━━━━━ Recorded data
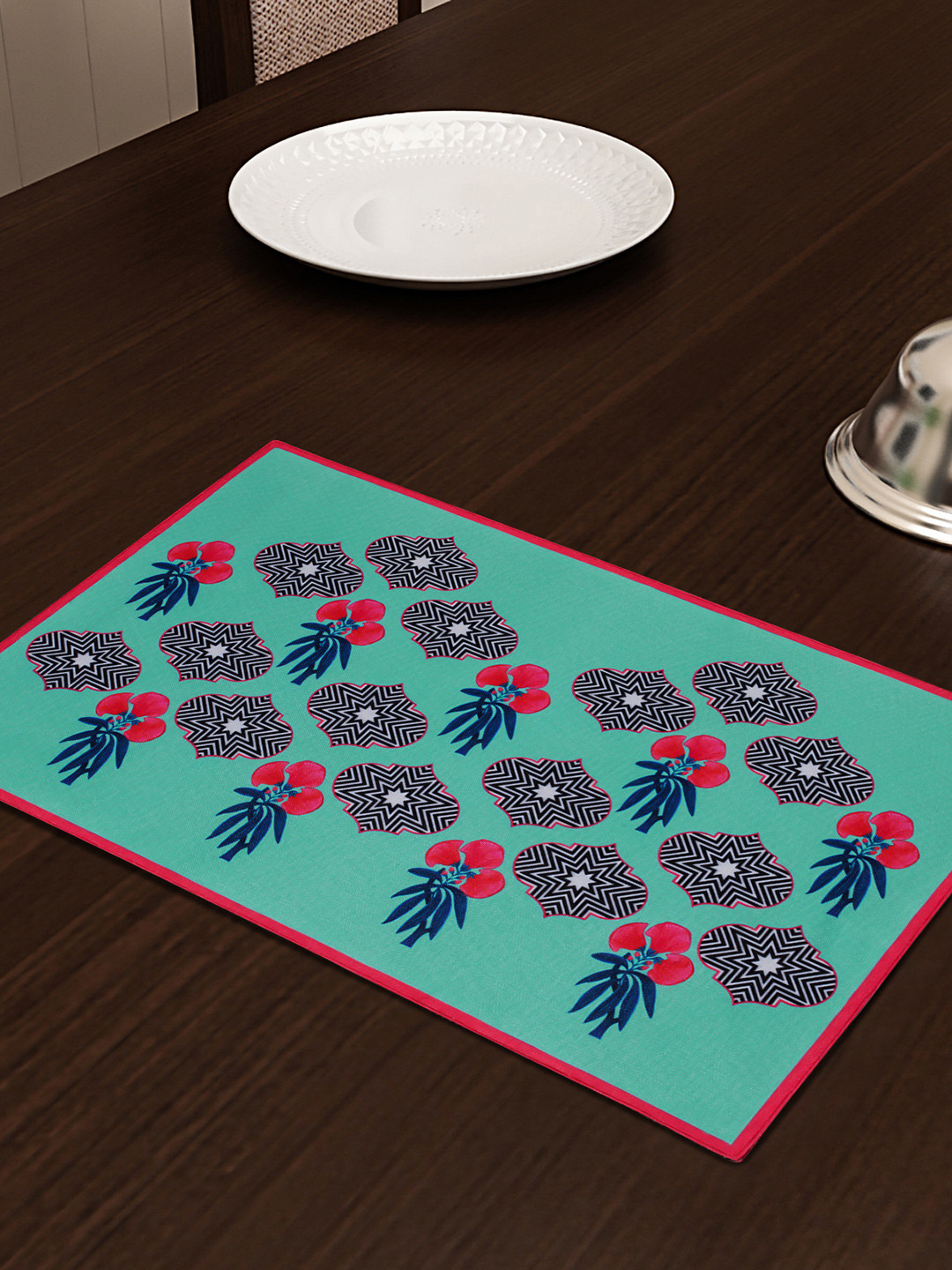 SEJ by Nisha Gupta Blue Set of 6 Printed Table Placemats
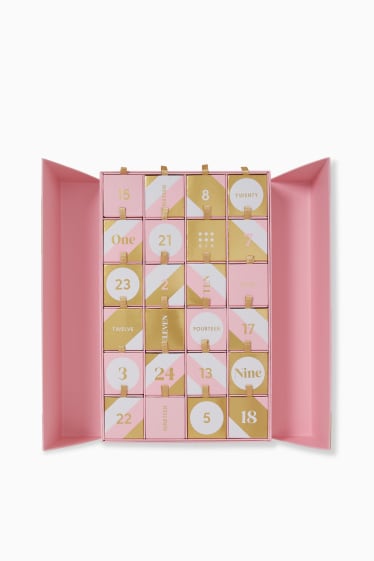 Femei - SIX - calendar Advent - oțel inoxidabil - placat cu aur - roz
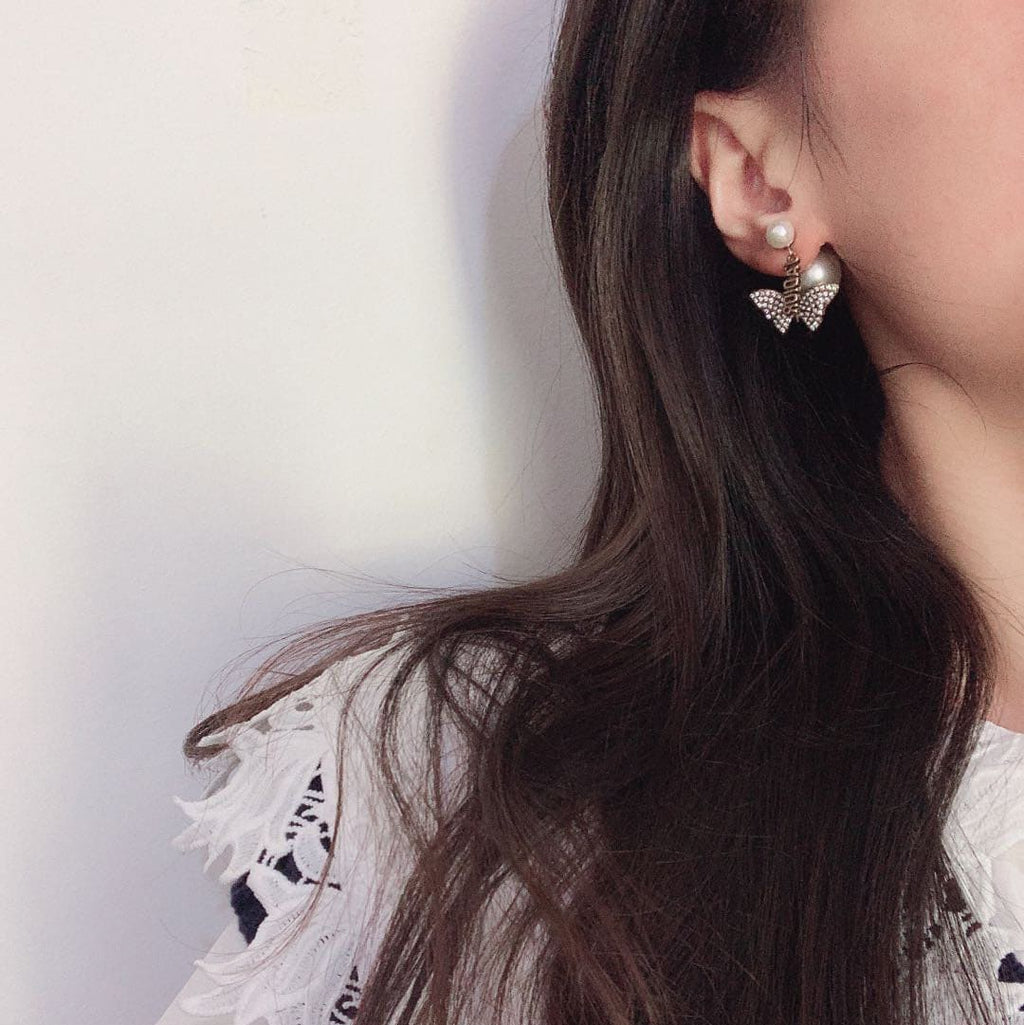 18K Dior Dragonfly/ Butterfly Pearl Earrings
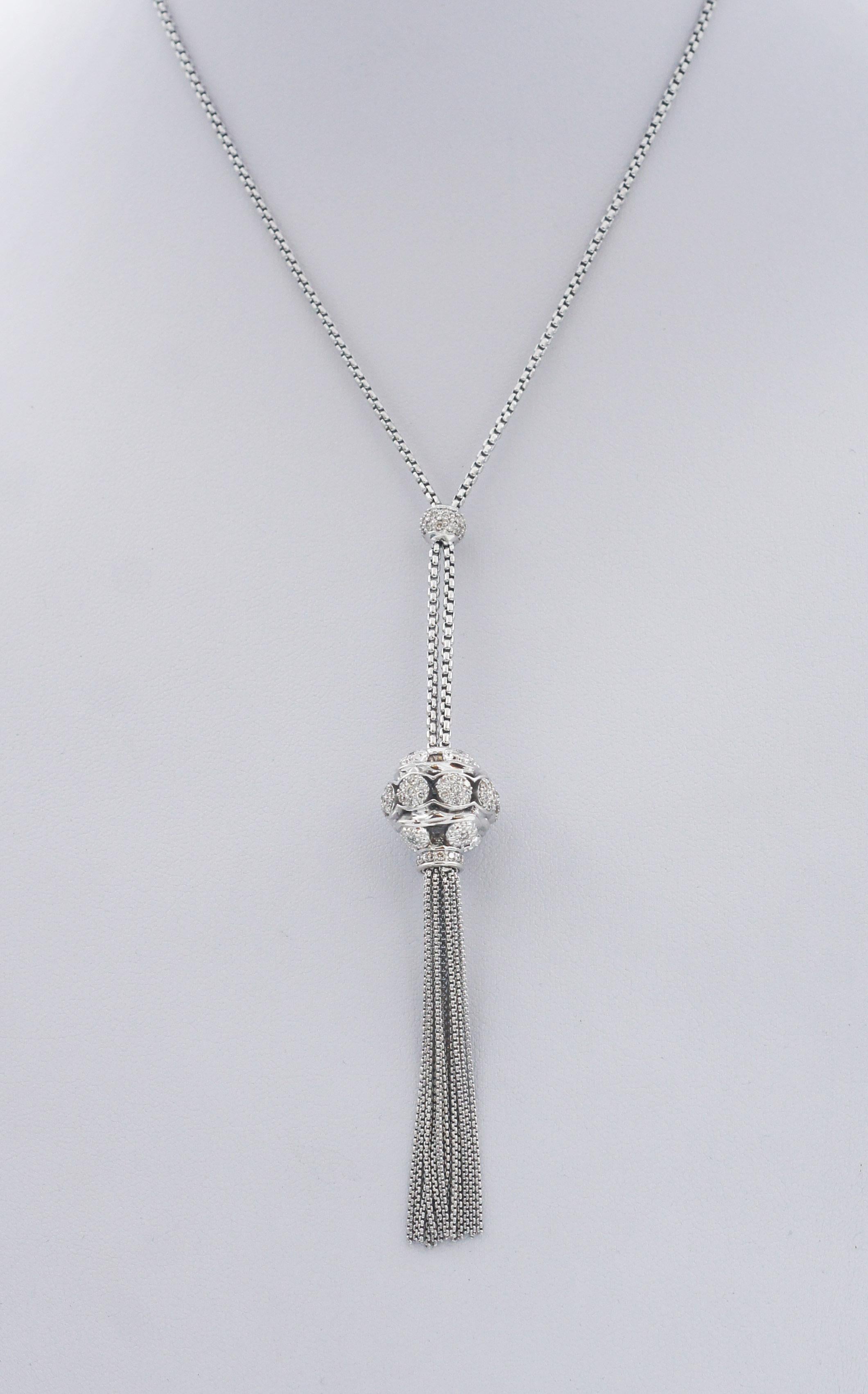 David Yurman 925 Silver Osetra Diamond Tassel Necklace In Good Condition For Sale In San Fernando, CA
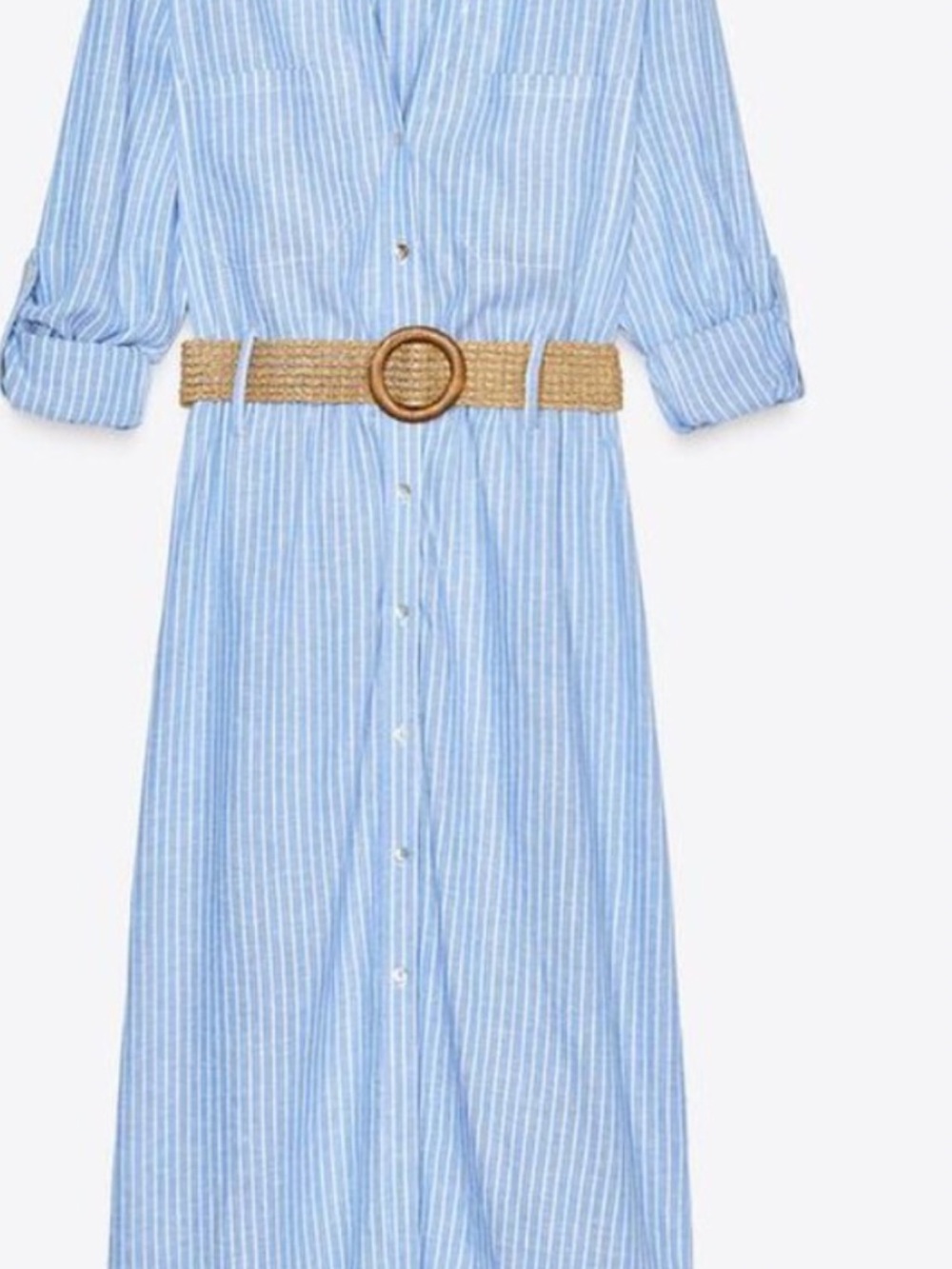 Zara Blue Striped Shirt Dress with Tan Belt size small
━━━━━━━━━━
Exercise objective: Set down the entries exactly as they appear, with every picture left out.

Answer below:
 SEJ by Nisha Gupta Blue Set of 6 Printed Table Placemats
 Femei - SIX - calendar Advent - oțel inoxidabil - placat cu aur - roz
 18K Dior Dragonfly/ Butterfly Pearl Earrings
 David Yurman 925 Silver Osetra Diamond Tassel Necklace In Good Condition For Sale In San Fernando, CA
 Zara Blue Striped Shirt Dress with Tan Belt size small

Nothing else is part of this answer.